Since launching his campaign two years ago Obama has pledged to overhaul or improve dozens of domestic and foreign policies and programs. In his address Tuesday, he also stressed his determination to lift America's global image. The more than 1 million spectators on and around the National Mall for Obama's swearing-in Tuesday personified how high a bar Obama's supporters have set for him.
"Expectations are so sky high for him, I think a lot of Americans expect things to turn around in six months," said Larry Sabato, director of the University of Virginia Center for Politics. He said two years might be a more realistic goal for major changes to take place under the Obama administration.
The president cautioned about the challenges ahead in his inaugural address Tuesday. He said the Iraq and Afghanistan wars, the economic crisis, the rising cost of health care and a "far-reaching network of violence and hatred" would test the nation.
"They will not be met easily or in a short span of time," he said. "But know this America -- they will be met."
Obama and his team were planning for their transition to power even before he was elected.
The U.S. Senate unanimously confirmed six of his Cabinet nominees Tuesday, just hours after Obama took the oath of office.

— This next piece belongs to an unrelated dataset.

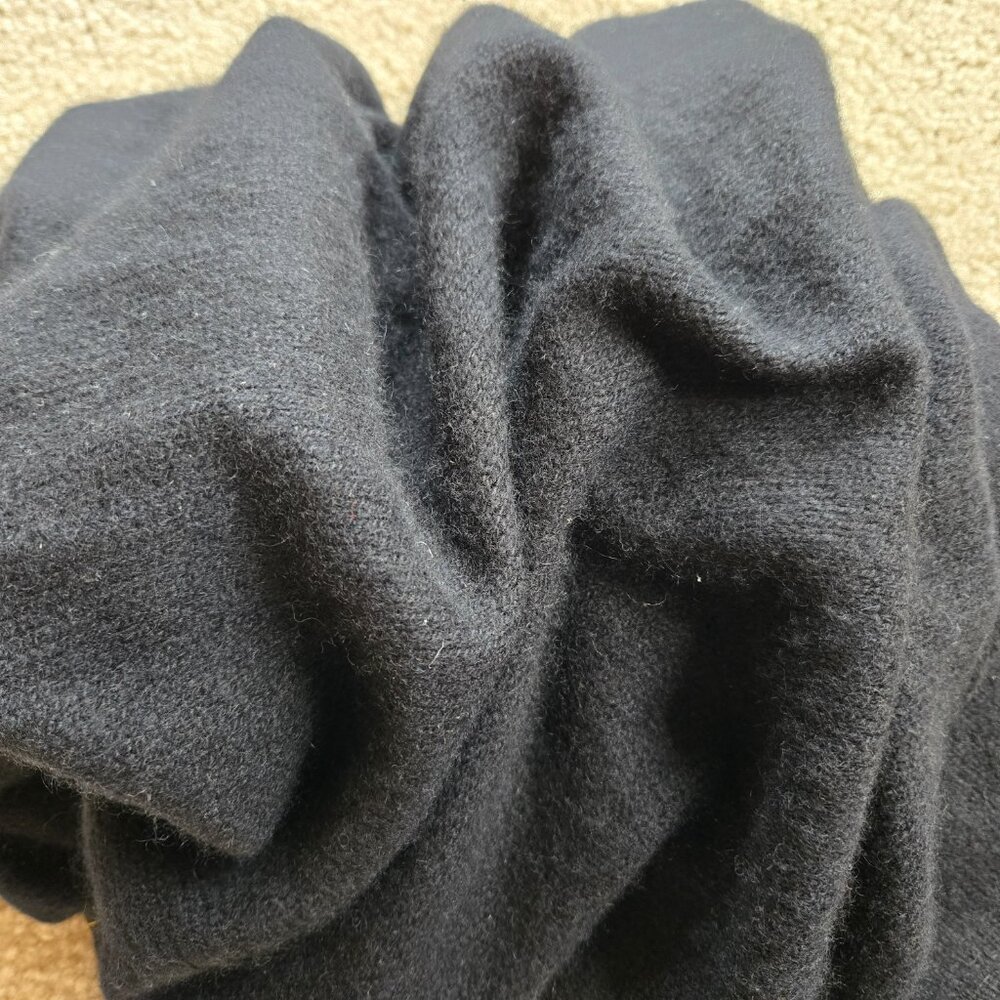 Babaton Cashmere Scarf Knit Black - Picture 7 of 7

But Geithner might still have to undergo some grilling when his postponed hearing comes up Wednesday before the Finance Committee. Geithner was under fire for revelations about his initial failure to pay $34,000 in back taxes while working for the International Monetary Fund.
Lawmakers will determine whether those tax follies will cost him the job of serving as rudder for the nation's unstable economy. But Obama advisers, and even some Republicans, say they don't expect Geithner's nomination will be blocked over the tax matter.
The vote for Hillary Clinton's nomination for secretary of state was also held up until Wednesday over a single senator's objection. But Senate Majority Leader Harry Reid spokesman Jim Manley said Clinton would nevertheless "receive overwhelming bipartisan support."
Among those confirmed Tuesday were Obama's pick for energy secretary, Steven Chu, homeland security secretary, Janet Napolitano; agriculture secretary, Tom Vilsack; education secretary, Arne Duncan; interior secretary Ken Salazar; and veterans affairs secretary Eric Shinseki.